I remember quirky little coffee shops where super friendly people with neon pink hair and cargo pants listened to Bjork and didn't look terribly concerned about the future. Whatever was the decade’s watchword and its mantra.

Jobs were plentiful. The largest economic expansion in American history was still underway. It was many things, the ‘90s, but it was not an anxious age for most people.

Club nights were raucous and usually well attended back then. There was a bit of cash in people's pockets and it really showed. The decade had begun in both the U.S. and Europe with Doc Marten-wearing ravers in bright baggy t-shirts throwing weekend long dances, often tripping out of their minds to the new sounds.

There was, I recall, a very palpable shift that happened in the straight and gay clubs between the late ‘80s and early ‘90s that I witnessed first hand. It was the result of drugs, at least at first. Ecstasy, the new drug of choice in club scene, produced a blessed-out effect in the taker that was changing the atmosphere from Berlin to Buncrana.

All the coiled aggression and tension I had grown used to was vanishing overnight, and in its place came a new horde of grinning ravers who wanted to dance all night or throw their arms around you and talk nonsense for hours while flashing the biggest grins you had ever seen.

It was stupid, in other words. It was as though the hippies had finally returned from the Summer of Love, but this time without any of their guiding philosophies or political aims, with no aim at all really except as the band Primal Scream put it, to get loaded and have a good time.

I started to get a little nostalgic for all the aggro. Oh, I certainly appreciated no longer having to worry about being glassed by some overcompensating halfwit out to impress his girlfriend. That part I could support.

But the drugged-out eye rolls and the silly drug-inspired dancing and the godawful mediocrity of so much house and techno music really could not compete with the earlier drama of new wave or the complete transcendence of disco.

Only for a moment did the ‘90s really look like they would amount to something culturally with the unexpected arrival of Nirvana and Radiohead. Their music was dark and enraged but also, the longer you listened, overly melancholy and weirdly inert. Uncertain of where they stood or what they stood for, it quickly became apparent they were never going to lead a revolution.

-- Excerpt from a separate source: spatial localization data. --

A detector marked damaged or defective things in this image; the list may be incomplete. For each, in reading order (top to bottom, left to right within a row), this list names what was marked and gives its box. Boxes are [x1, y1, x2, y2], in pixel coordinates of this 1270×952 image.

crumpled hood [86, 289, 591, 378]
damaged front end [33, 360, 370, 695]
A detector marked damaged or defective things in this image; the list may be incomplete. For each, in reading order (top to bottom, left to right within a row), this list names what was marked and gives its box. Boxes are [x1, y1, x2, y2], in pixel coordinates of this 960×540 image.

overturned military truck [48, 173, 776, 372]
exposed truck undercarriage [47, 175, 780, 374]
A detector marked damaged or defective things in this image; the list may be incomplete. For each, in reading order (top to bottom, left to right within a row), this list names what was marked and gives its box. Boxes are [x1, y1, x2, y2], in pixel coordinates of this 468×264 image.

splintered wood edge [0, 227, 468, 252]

So there was no next big thing. Even ‘90s fashion failed to find a proper form. Mostly it just reworked the greatest hits of the ‘80s and earlier eras and took its time finding new frontiers. Complacency had become so widespread that people decided they could take their time.

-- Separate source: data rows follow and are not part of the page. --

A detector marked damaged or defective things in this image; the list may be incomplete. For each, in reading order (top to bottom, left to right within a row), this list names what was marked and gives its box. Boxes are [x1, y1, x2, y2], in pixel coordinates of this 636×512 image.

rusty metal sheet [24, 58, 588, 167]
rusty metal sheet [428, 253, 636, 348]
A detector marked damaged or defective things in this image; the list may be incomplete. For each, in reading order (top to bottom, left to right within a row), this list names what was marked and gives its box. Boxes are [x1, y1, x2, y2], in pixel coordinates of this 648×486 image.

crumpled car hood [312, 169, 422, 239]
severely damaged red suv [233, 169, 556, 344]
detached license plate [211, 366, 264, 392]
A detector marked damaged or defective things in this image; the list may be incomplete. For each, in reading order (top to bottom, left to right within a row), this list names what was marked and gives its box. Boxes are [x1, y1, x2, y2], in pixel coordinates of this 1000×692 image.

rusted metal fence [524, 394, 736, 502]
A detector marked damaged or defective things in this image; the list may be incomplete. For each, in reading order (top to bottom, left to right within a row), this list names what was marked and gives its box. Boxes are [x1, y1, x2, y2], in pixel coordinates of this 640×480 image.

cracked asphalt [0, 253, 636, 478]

It feels as lost to me as Atlantis now, the ‘90s. Receiving an email was still a novelty, pulling out a cell phone was still an event.

But alongside all the laughably uninspired fashion and clunky emerging technology, the groundwork for our own bitterly faithless age was quietly being set too.

Something about the ‘90s used to bug me. I had a persistent feeling that the gap between how things looked and how they really were was an untenable and unsustainable lie.

It occurred to me that culture was being balkanized, clubs were being balkanized, our political parties were becoming increasingly balkanized too. All the hardline and dysfunctional ruptures that we now see everywhere around us in 2016 really started ripping apart in the ‘90s.

What had at first looked like an era of quiet progress was actually turning out to be a lie. The bitter feud about who would guide the direction of the country, who would decide its culture, who would police its expression, and who would be asked to sit down and shut up – that age old and never ending feud - was finally starting to burst right out into the open.

The fight we are seeing now on our presidential debate stages was decades in the making. Even the Clintons have returned for another round.